Hoffman- that plot appears to show a lot of reversion at the valve on both IO and IC? Also, how do you correlate those plots to your goal of 300fps + or - as stated?
That is a the valve seat. As you can see, moving up into the throat then just a little over an inch into the port, it drops off.
I think one thing to keep in mind is what good low-lift flow can and can't do. Low lift flow will make the engine think it has more duration than it does (remember, seat-to-seat duration is what the engine really sees).
Another way of looking at it is this, especially as it relates to a 2 valve engine:
To get a certain amount of lift you need a certain amount of duration. The velocity and acceleration of the lifter is going to be dictated by type and diameter. There is a fixed value. Yo can only move the lifter so fast. Since we only have a certain amount of time (duration) to create lift, this will ultimately be the limiting factor. Spintron development and spring technology have allowed us to do more and be less abusive to the valvetrain, but ultimately we're still limited.
Take for example the NASCAR flat tappet change to roller lifters. I asked Jay Wiles of Hendricks if they would gain any more power. His response was no because they were already at the acceleration limit of what a spring could do. The flat tappet cams used high rocker ratios (2:1+). The rollers, while allowing for more aggressive profiles will need less rocker ratio to keep the valve acceleration equal to that. The net is there was really no change in the actual valve lift profile as the engine sees it. Anyway that is a tangent.

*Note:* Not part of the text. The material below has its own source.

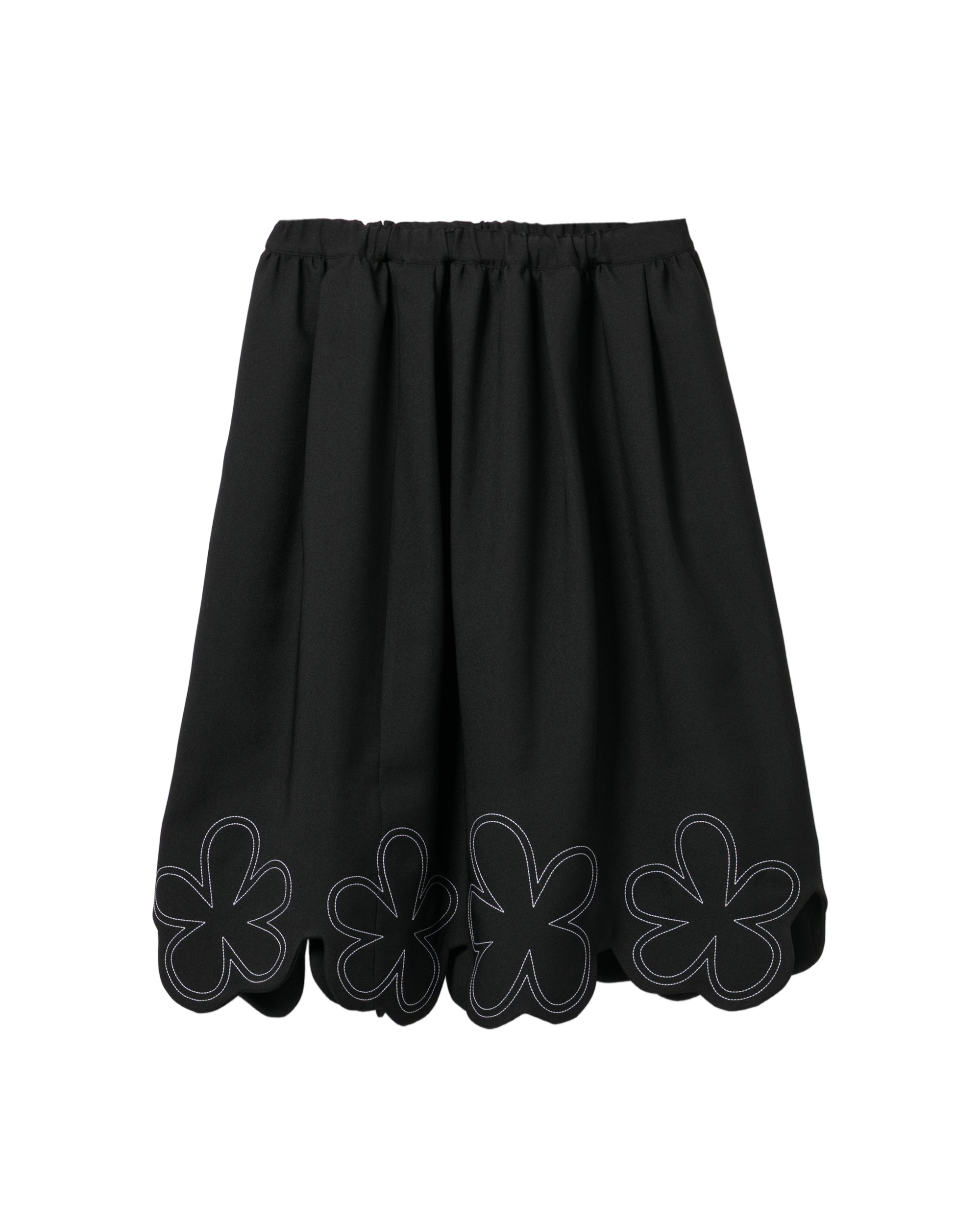 Floral-hem midi skirt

So getting back to velocity. You could convert it back mathematically, but the point to illustrate is what is important in the valve lift equation. There is a lot to be said about velocity - just look at what Larry Meaux, Darin Morgan, Chad Speier, Larry Widmer, Curtis Boggs, and many, many others have written over the years. Just to rant, it cracks me up when people talk about drag racers hogging the ports out. Nope, not the good ones. The only difference is that a drag race engine will likely rev a little higher, so the port cross section will be a little bigger, but the same physics apply. This is why when you see a cylinder head that is sized properly and produces peak power at say 7500rpm on a 1.8L engine, when put on a 1.0L engine will want to peak at 9500rpm. Do the math and you'll see why. Piston cfm demand drives the whole engine equation and everything else is sized from there.